# Just wishing to connect and communicate



## Cat Dancer (Jan 7, 2011)

I feel kind of lost and alone. I know people here care and I care about people too. I just want to say hey and hope everyone is hanging on. 

It's snowing here again. I'm kind of tired of winter, but we still have a bit to go. Spring could come early and I would not be sad. :lol:

I wish I could hibernate like a bear or a cat. Cats seem to basically hibernate because they sleep so much.


----------



## CarlaMarie (Jan 7, 2011)

Hi Cat Dancer,
Winter is a bummer. My favorite season is spring. It is an exciting time of year. I am down south so it is around the corner. I notice your love of cats. I am a cat and dog fan myself. I have two amazing cats Mikey Moo, ki ki, and Henry the Dog. Miley is a hunter he brought home a bird today. He was mad because I would not allow it in the house. He such a proud hunter. Ki ki is a fat lazy girl who only likes my kids. Henry is my boy he doesn't leave my side.


----------



## Cat Dancer (Jan 7, 2011)

I love spring too. I love dogs too. I have two dogs. They are just mutt dogs, but I love them. Buddy and Lucky are their names. I do love cats. Your cats and dog sound wonderful. Thanks for talking with me.  It made me smile.

I have four cats, Rainbow, Lily, Patti and the King.
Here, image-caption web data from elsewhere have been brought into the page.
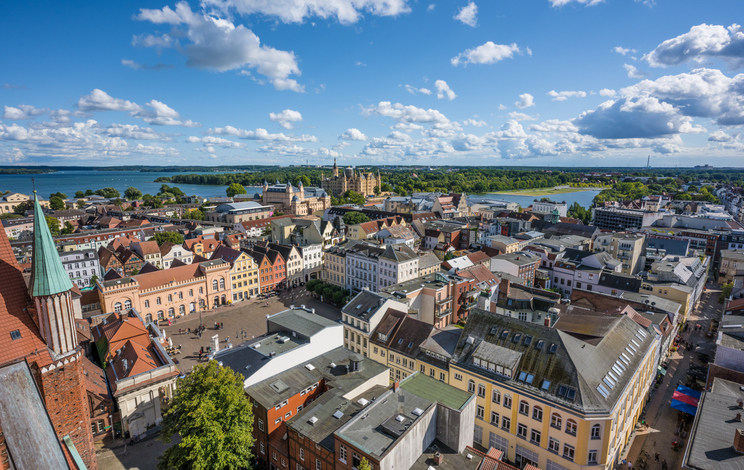 Eine Luftaufnahme zeigt die Dächer der Altstadt von Schwerin mit Kirchturm, Seen und Schloss im Hintergrund.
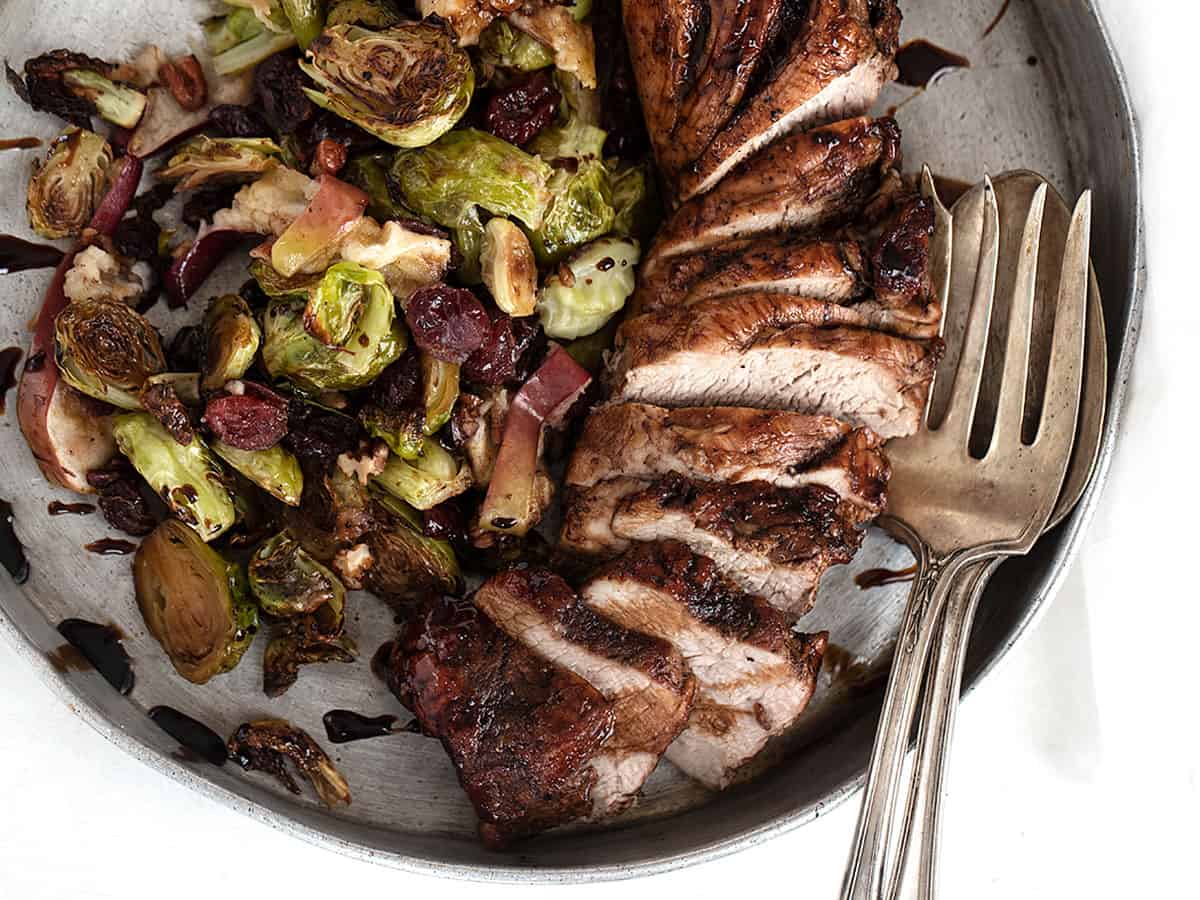 pork tenderloin sliced on platter with Brussels sprouts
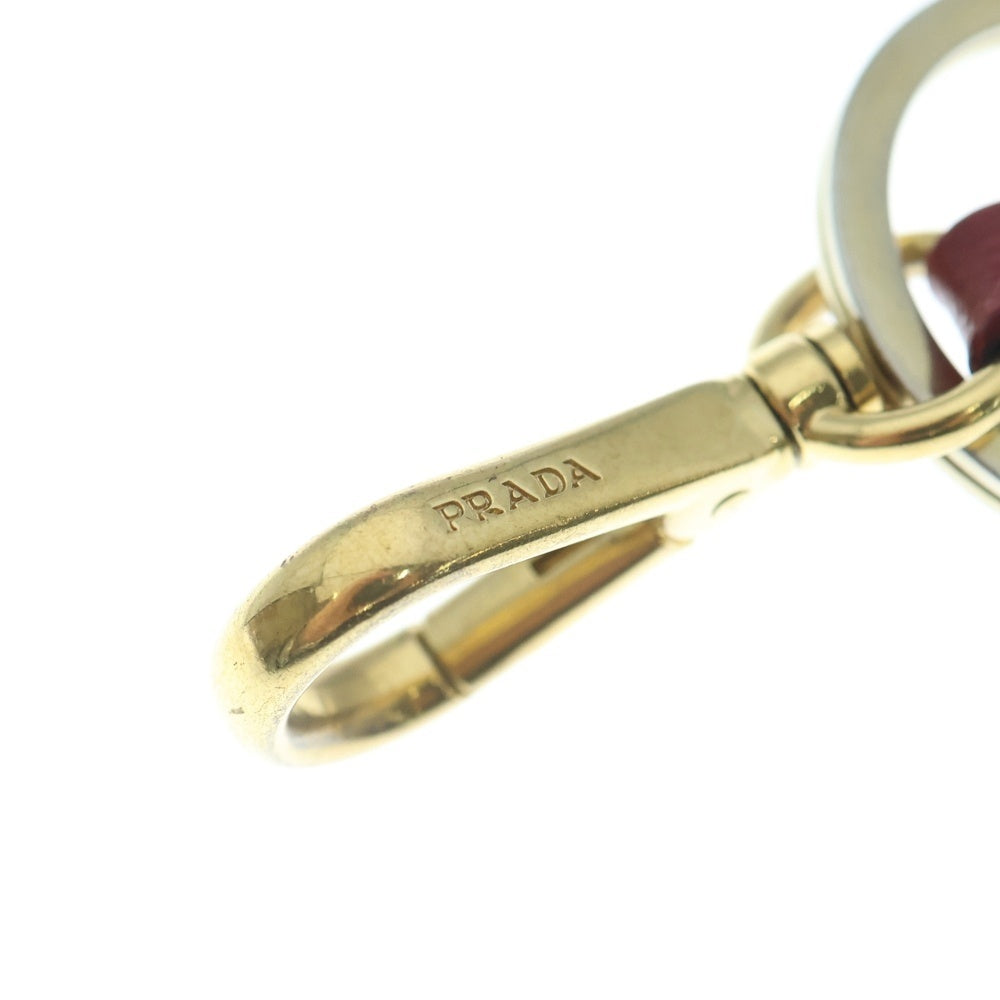 PRADA(プラダ) トライアングルロゴ キーリング バッグチャーム キーリング キーホルダー フィオッコ ゴールド×ピンク 1PP128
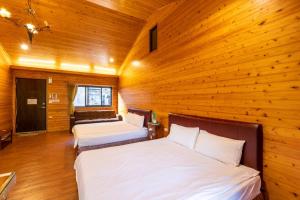 two beds in a room with wooden walls at Walk Cloud Bed and Breakfast in Meishan +16 photos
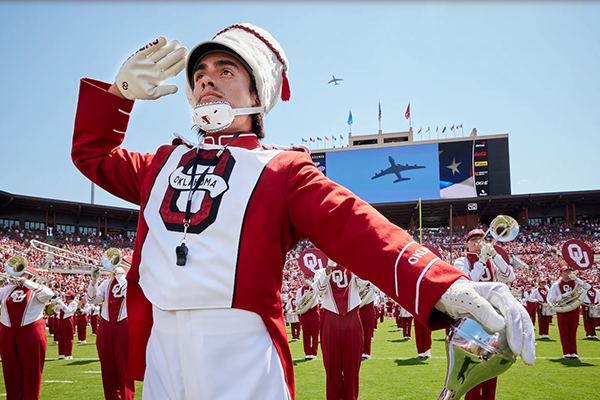 Band member saluting during the National Anthem as a jet flies over before OU vs UTEP football game
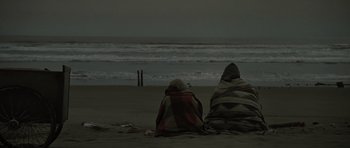 Movie still from “The Road” (2009), directed by John Hillcoat – Two people sitting on the beach under a blanket; Extreme Wide shot, High angle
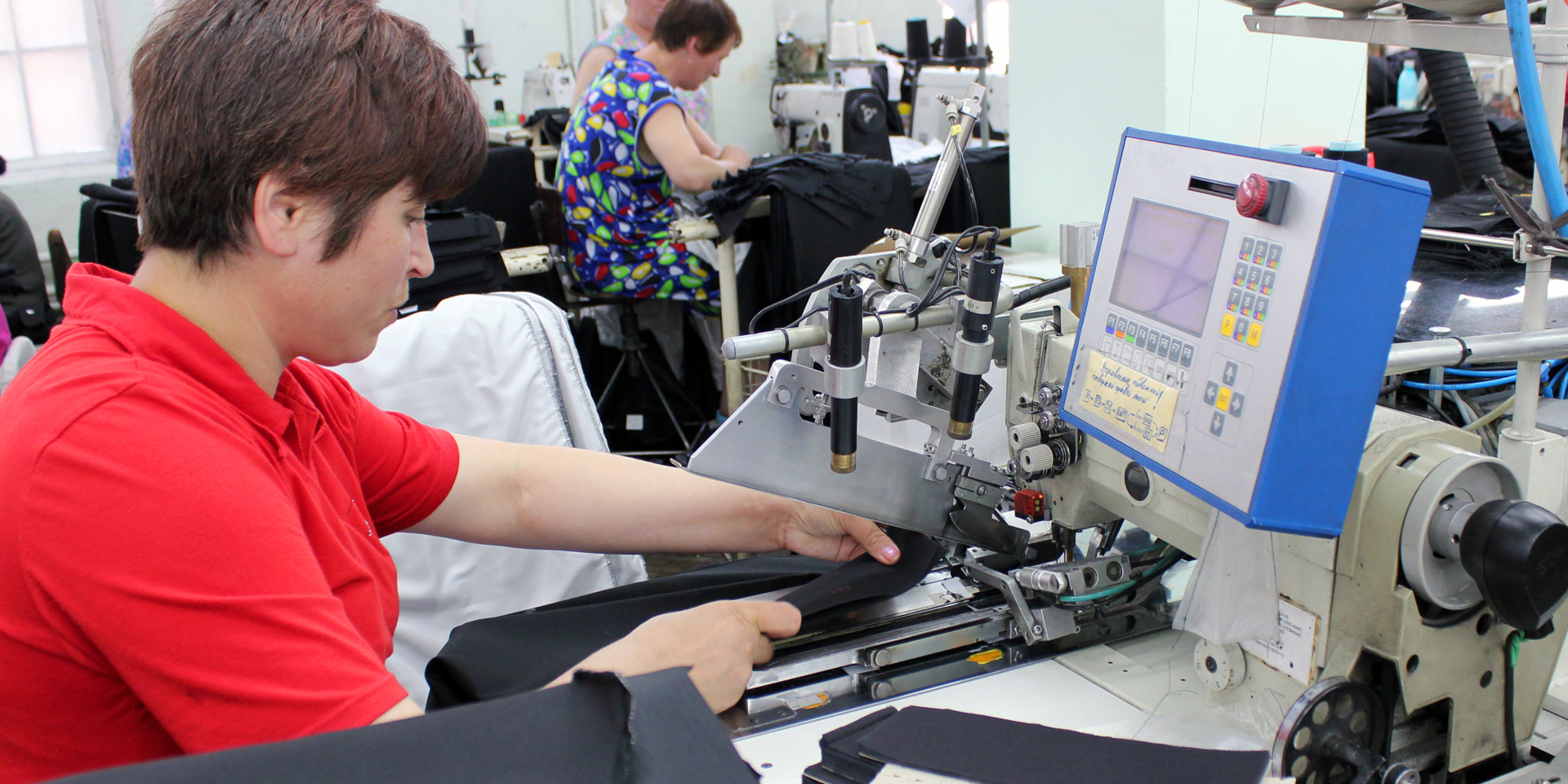A person using an advanced sewing machine with a blue control panel in front of her.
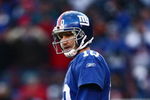 EAST RUTHERFORD, NJ -  JANUARY 11:  Eli Manning #10 of the New York Giants looks on against the Philadelphia Eagles during the NFC Divisional Playoff Game on January 11, 2009 at Giants Stadium in East Rutherford, New Jersey.  The Eagles defeated the Giants 23 -11. (Photo by Chris McGrath/Getty Images)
LOL. He really does think he's the king.


----------



## Cat Dancer (Jan 7, 2011)

We have three fish too, Cookie, Patrick and Poppy.


----------



## David Baxter PhD (Jan 7, 2011)

I wonder if the cats think it's weird that you named the members of their seafood buffet...


----------



## Cat Dancer (Jan 7, 2011)

i wonder...........mg: Probably.


----------



## gooblax (Jan 7, 2011)

Hey guys 
Just popping in here and noticing the discussion topic, I wanted to share a picture of my cat, taken a couple of minutes after the family got home from our overnight Christmas trip.


"They won't forget me next time!"

Does anyone else have any pet pictures or stories they'd like to share?


----------



## Cat Dancer (Jan 7, 2011)

Hee hee!!! I love that picture. 

here's a picture of my patti with a Santa hat on.


----------



## Yuray (Jan 7, 2011)

Heres a picture of my cat and my bird.


----------



## CarlaMarie (Jan 7, 2011)

Yuray that is way funny!:lol:


----------



## Yuray (Jan 7, 2011)

There seems to be no smiley for 'absolute humility' for me to paste here, so I will bask in the accolades, knowing they are short lived:notworthy:


----------



## gooblax (Jan 7, 2011)

Cat Dancer - Your cat looks adorable with the Santa hat.  I don't think mine would wear one for long enough to get a picture  I'm glad you liked cat-in-a-bag, lol 

Yuray - Haha!


----------



## David Baxter PhD (Jan 7, 2011)

I found a video of *Cookie, Patrick and Poppy*:


----------



## Yuray (Jan 7, 2011)

Hmmmm.....the two fish in the bottom right hand corner..........suspicous behaviour....an affair?


----------



## David Baxter PhD (Jan 8, 2011)

That's Patrick and Poppy. They're always late for everything.


----------



## Cat Dancer (Jan 8, 2011)

Hee hee. You all always make me laugh. 

Yuray, i love your cat bird. Although it is a little creepy.


----------



## CarlaMarie (Jan 8, 2011)

I forgot to mention Diego the bunny and the fish. There are four nemo's and becouse my children we will call them Chou-Chou and Jimmy Jack (our nick names for them don't ask why the other one is pooch). They both demanded to name them. The fish have 2 sets of names I can't keep up. I love to photograph my pets. I think they are the best thing since sliced bread. I have amazing pet stories. I bet I could write a book.


----------



## Cat Dancer (Jan 8, 2011)

They are sweet, Carla.


----------



## David Baxter PhD (Jan 8, 2011)

But none of them look sliced to me. I don't get it...


----------



## CarlaMarie (Jan 8, 2011)

That is very funny, Dr. Baxter. I can think of lots of funnies but they are probably not appropriate. I apreciate the joke.


----------